Sébastien Porquet, le Cuisinier

Sébastien Porquet, Portrait d’un toqué de la Picardie Maritime…

Sébastien Porquet est un jeune chef passionné. Passionné par la vie, par la nature mais surtout passionné par son métier. Lorsque tous les matins, Sébastien se lève aux aurores, c’est pour parcourir les environs à la recherche des plantes sauvages, retrouver sa quelques centaine de producteurs qu’il considère comme ses amis ou bien encore monter dans son kayak pour cueillir ce que la nature lui offre de plus précieux et qui donne ce goût si particulier à sa cuisine.

 

Ce chef n’est pas  du genre à se reposer sur ses acquis : sa devise : toujours plus nature, toujours plus audacieux, toujours plus  vrai !

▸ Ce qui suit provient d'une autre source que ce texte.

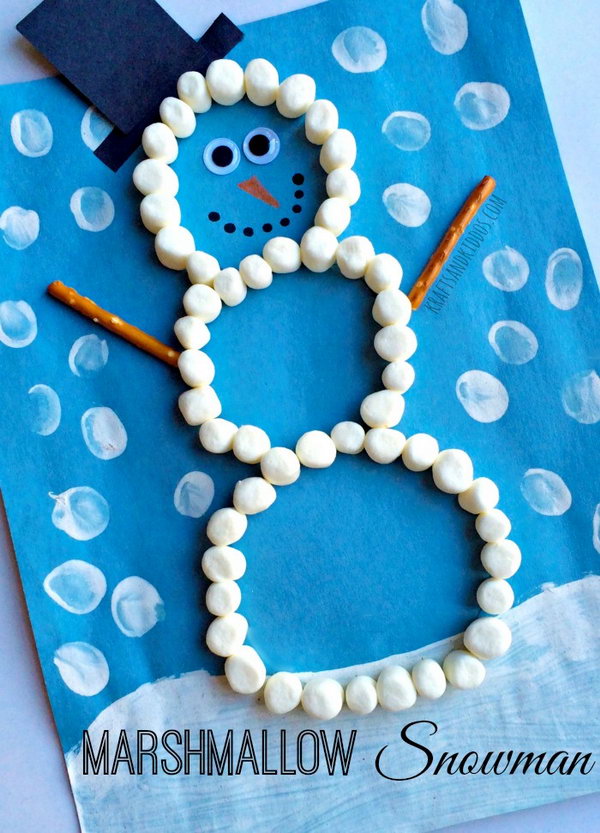 Kids of different ages can enjoy creating their very own snowman out of marshmallows. 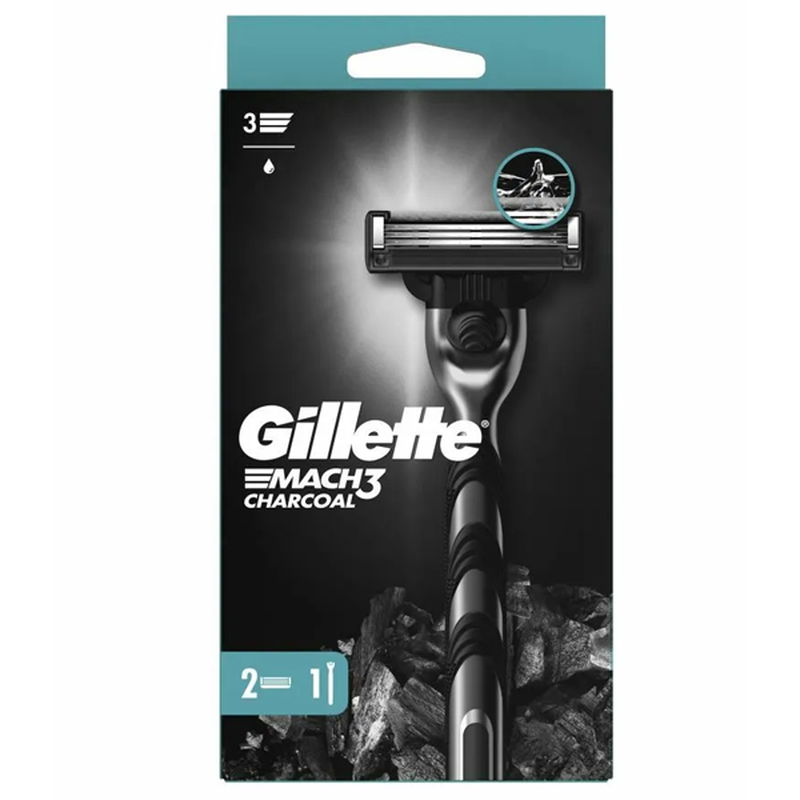 Product image: Gillette mach 3 charcoal ξυριστική μηχανή + 2 κεφαλές, , medium-null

C’est dans un restaurant en Baie de Somme que Sébastien Porquet a exercé sa cuisine durant neuf années.e. Une cuisine franche et concrètement connectée à son territoire natal, la Baie de Somme. Un gros travail de rencontres et de connaissances de ce territoire entre terre et mer, lui a permis de s’entourer d’artisans et producteurs locaux. Un territoire maritime, qui l’enrichit chaque jour dans sa cuisine, toujours au plus près des mains des hommes et des femmes qui façonnent et vivent de ce territoire comme lui.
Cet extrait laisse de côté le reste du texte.